Task – Return all entries word for word, but drop any images.

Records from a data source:
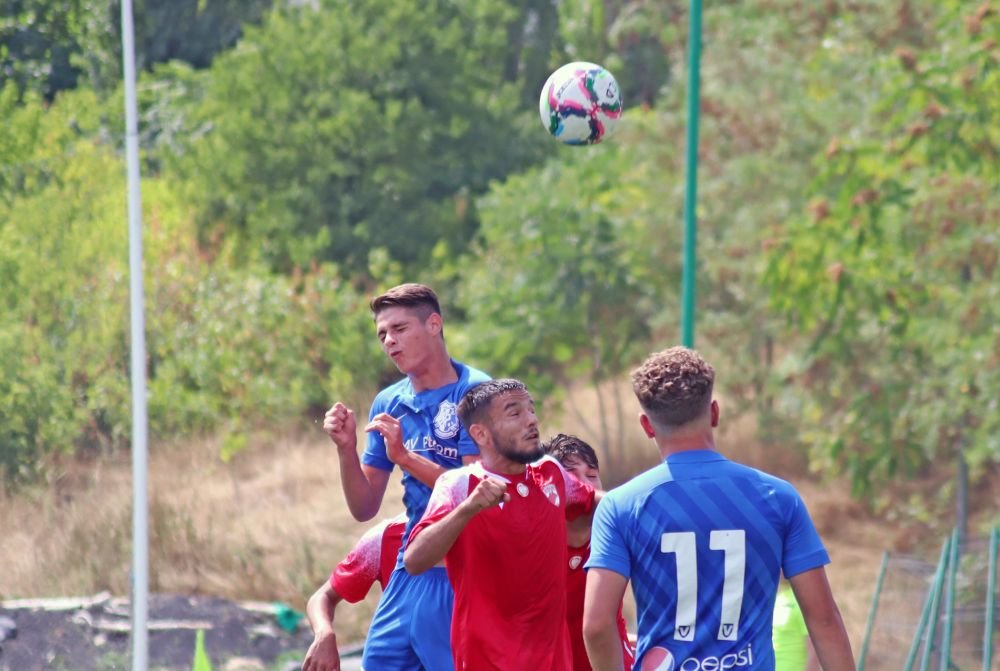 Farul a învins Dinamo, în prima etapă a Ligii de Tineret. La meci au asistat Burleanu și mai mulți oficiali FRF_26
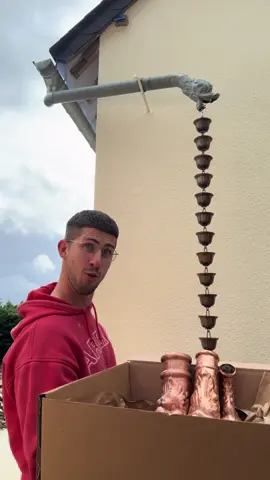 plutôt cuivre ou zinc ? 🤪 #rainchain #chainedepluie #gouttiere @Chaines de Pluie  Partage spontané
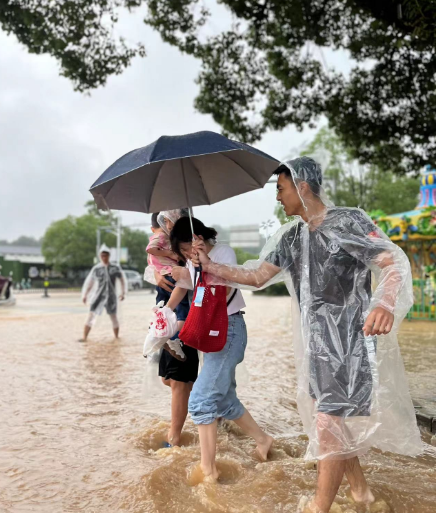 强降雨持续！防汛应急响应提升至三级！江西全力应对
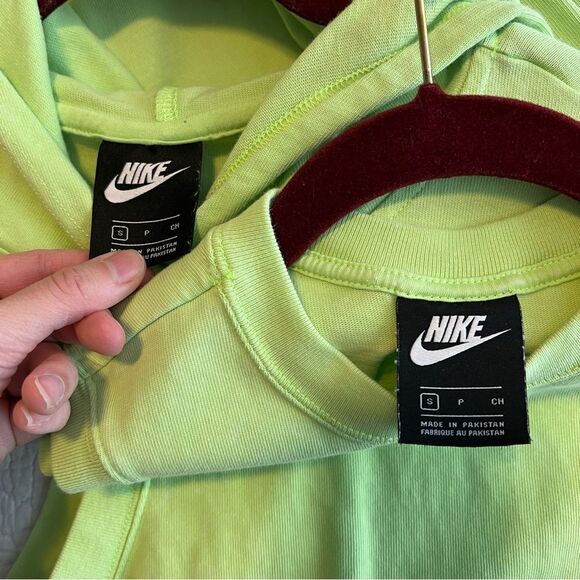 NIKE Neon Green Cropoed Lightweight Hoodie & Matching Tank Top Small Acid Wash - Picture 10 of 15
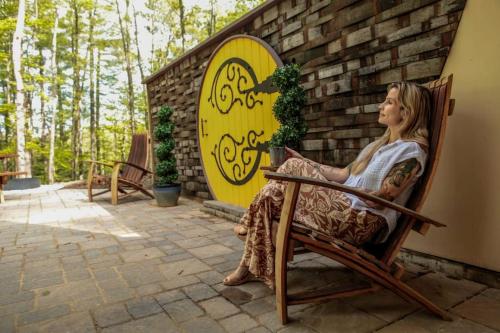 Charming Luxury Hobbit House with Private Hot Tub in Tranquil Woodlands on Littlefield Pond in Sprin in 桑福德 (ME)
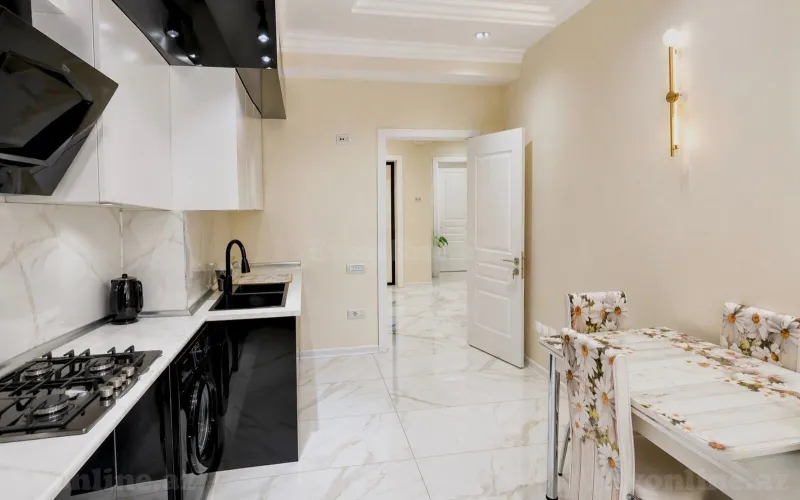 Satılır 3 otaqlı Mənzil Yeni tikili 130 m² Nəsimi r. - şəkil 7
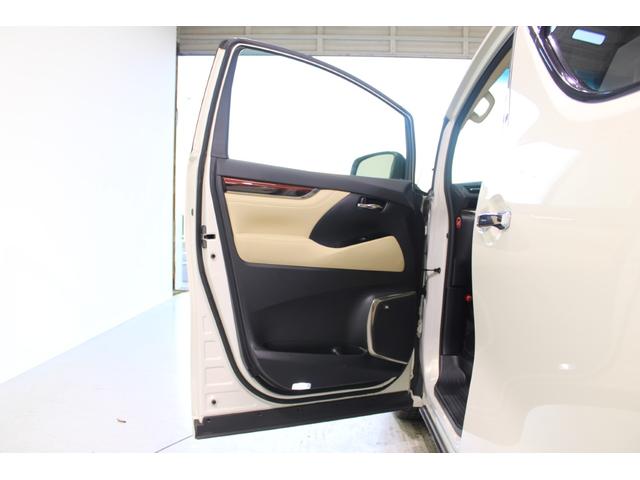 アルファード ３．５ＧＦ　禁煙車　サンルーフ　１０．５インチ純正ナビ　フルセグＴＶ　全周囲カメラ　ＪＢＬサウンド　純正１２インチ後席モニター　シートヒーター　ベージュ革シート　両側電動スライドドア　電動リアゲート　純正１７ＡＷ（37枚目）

Solution for this task –
 Farul a învins Dinamo, în prima etapă a Ligii de Tineret. La meci au asistat Burleanu și mai mulți oficiali FRF_26
 plutôt cuivre ou zinc ? 🤪 #rainchain #chainedepluie #gouttiere @Chaines de Pluie  Partage spontané
 强降雨持续！防汛应急响应提升至三级！江西全力应对
 NIKE Neon Green Cropoed Lightweight Hoodie & Matching Tank Top Small Acid Wash - Picture 10 of 15
 Charming Luxury Hobbit House with Private Hot Tub in Tranquil Woodlands on Littlefield Pond in Sprin in 桑福德 (ME)
 Satılır 3 otaqlı Mənzil Yeni tikili 130 m² Nəsimi r. - şəkil 7
 アルファード ３．５ＧＦ　禁煙車　サンルーフ　１０．５インチ純正ナビ　フルセグＴＶ　全周囲カメラ　ＪＢＬサウンド　純正１２インチ後席モニター　シートヒーター　ベージュ革シート　両側電動スライドドア　電動リアゲート　純正１７ＡＷ（37枚目）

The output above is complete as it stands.